» **EXERCISE INSTRUCTIONS**
Which of the lines in the records below hold the string "Thanks"? Copy every one of them.

» **Stored items from a collection**
──────────────────────────────

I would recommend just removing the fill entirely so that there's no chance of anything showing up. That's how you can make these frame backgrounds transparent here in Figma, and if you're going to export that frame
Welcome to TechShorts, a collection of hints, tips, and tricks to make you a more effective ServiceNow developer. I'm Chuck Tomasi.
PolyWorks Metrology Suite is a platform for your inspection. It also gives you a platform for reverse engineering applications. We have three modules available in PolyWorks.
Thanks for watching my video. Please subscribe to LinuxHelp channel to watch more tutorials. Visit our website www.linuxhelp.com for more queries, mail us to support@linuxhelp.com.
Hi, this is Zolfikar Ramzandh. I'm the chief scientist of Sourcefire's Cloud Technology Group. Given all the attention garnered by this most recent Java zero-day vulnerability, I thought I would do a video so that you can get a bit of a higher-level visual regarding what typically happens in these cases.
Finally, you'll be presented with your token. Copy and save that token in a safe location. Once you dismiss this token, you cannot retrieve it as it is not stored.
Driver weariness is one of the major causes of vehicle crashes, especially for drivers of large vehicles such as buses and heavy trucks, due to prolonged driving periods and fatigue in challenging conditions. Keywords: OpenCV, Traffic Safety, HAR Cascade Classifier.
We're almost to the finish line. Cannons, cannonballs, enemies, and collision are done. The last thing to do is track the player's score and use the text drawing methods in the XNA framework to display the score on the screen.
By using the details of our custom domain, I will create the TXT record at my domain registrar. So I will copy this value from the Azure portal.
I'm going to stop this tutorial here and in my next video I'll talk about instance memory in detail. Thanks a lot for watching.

──────────────────────────────

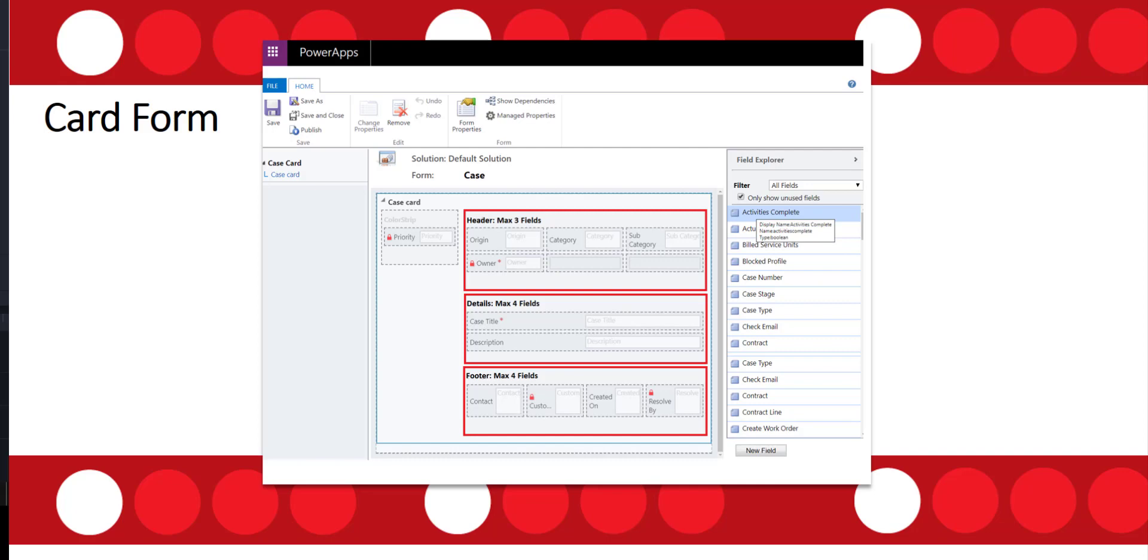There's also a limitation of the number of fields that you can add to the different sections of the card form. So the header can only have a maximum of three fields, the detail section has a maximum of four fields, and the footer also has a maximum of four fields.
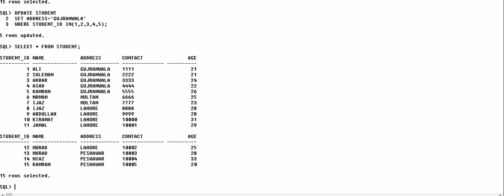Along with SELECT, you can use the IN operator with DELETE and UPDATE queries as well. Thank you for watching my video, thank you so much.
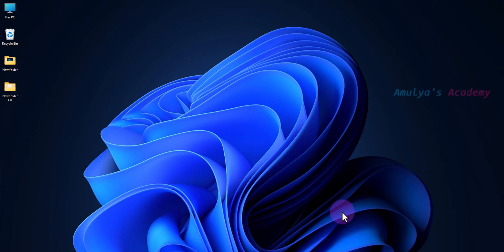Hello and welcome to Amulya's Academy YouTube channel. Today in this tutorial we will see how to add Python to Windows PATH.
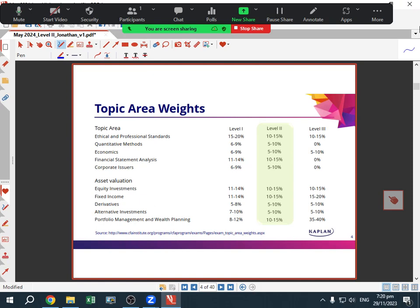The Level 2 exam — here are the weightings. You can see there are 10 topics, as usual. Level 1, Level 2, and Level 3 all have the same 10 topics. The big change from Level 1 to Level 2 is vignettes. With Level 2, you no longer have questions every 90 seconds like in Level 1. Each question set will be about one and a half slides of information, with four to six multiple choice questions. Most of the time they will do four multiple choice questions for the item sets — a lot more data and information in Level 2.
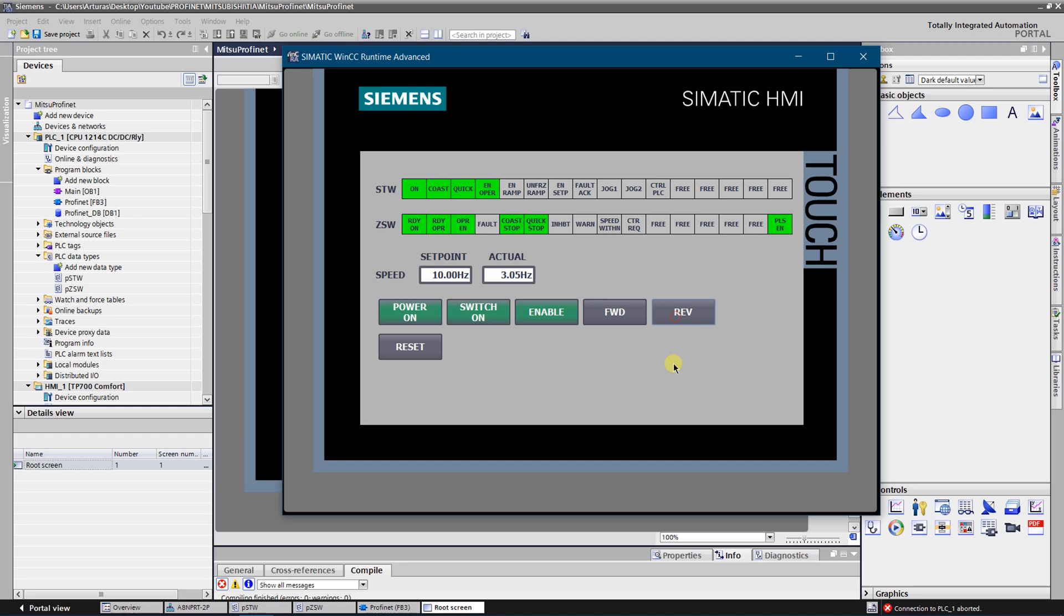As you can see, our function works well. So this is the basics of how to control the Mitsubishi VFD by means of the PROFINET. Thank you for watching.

──────────────────────────────

» **ANSWER AREA**
Thanks for watching my video. Please subscribe to LinuxHelp channel to watch more tutorials. Visit our website www.linuxhelp.com for more queries, mail us to support@linuxhelp.com.
I'm going to stop this tutorial here and in my next video I'll talk about instance memory in detail. Thanks a lot for watching.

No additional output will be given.